A part dans le monde professionnel, le statut d'émérite permet aux enseignants-chercheurs de poursuivre une partie de leurs activités. Les contours de cette fonction, bénévole et pour partie honorifique, ont récemment été redéfinis par la loi. Explications et témoignages.

Pourquoi ?

Le statut d'émérite permet à l'enseignant-chercheur retraité de poursuivre, sous certaines conditions, une partie de ses activités. De fait, celles concernées couvrent davantage le champ de la recherche que celui de l'enseignement : direction de séminaires, participation à des jury de thèse ou d'habilitation à diriger des recherches, mener à terme des directions de thèses (entamées avant le départ à la retraite, moyennant nomination d’un co-directeur). Avantage pour les chercheurs : ne pas stopper d'un coup leurs travaux, et instaurer ainsi une continuité dans le passage de relais.

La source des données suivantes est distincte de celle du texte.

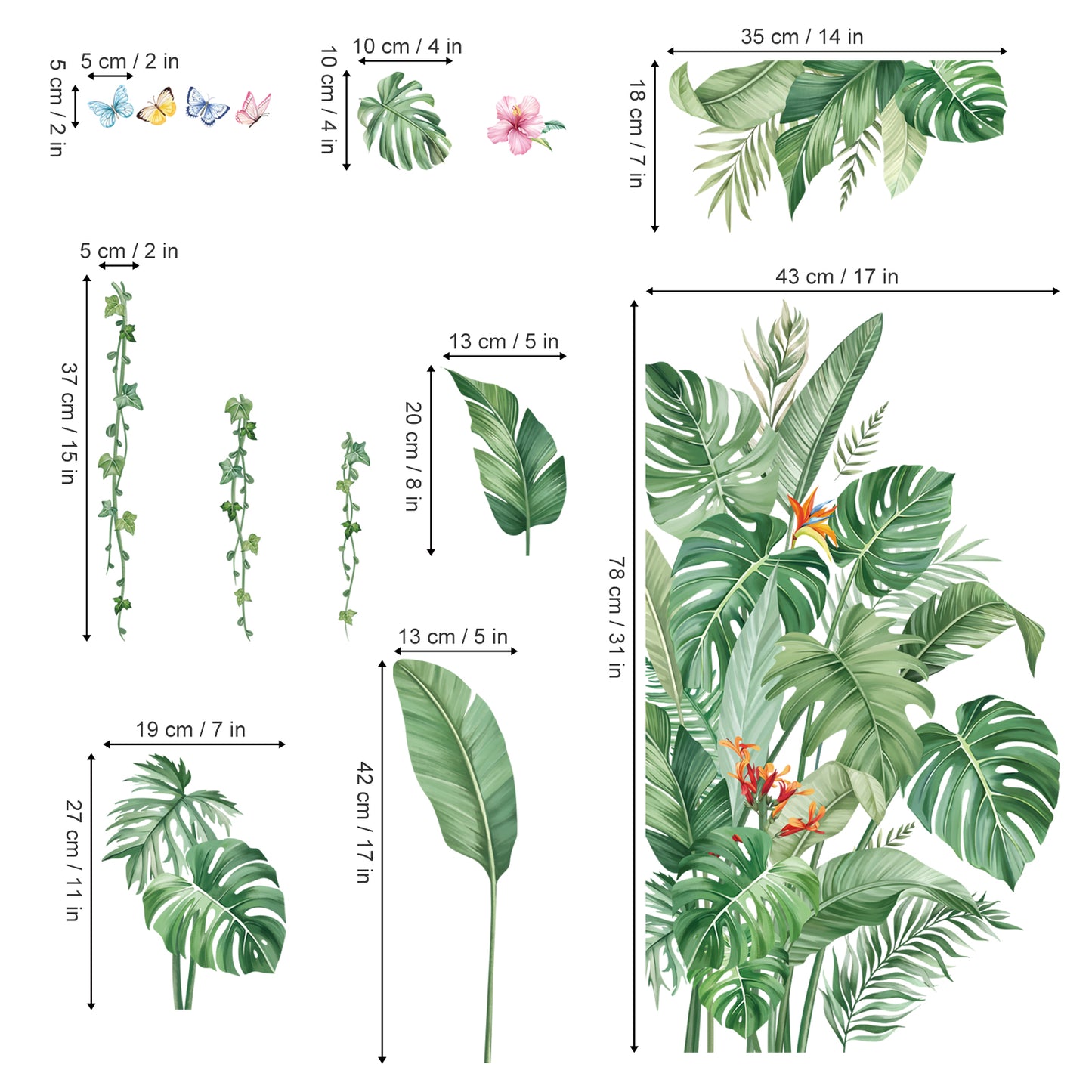 decalmile Large Green Leaves Wall Decals Tropical Palm Leaf Plant Wall Stickers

Non-cumulable avec une fonction élective, comme la direction d'un laboratoire, l'éméritat est donc essentiellement honorifique, puisqu'il est exercé à titre gracieux. L'émérite conserve l'accès à un bureau et aux machines éventuelles (ordinateurs, plateformes, paillasses pour les recherches appliquées), ainsi qu'aux ressources (ouvrages, articles en ligne, etc.).

Quel encadrement ?

L'éméritat est instauré par un décret de 1984. La fonction est bénévole ; toutefois les frais de déplacements sont couverts, soit par l'université d'origine, soit par l'université d'accueil.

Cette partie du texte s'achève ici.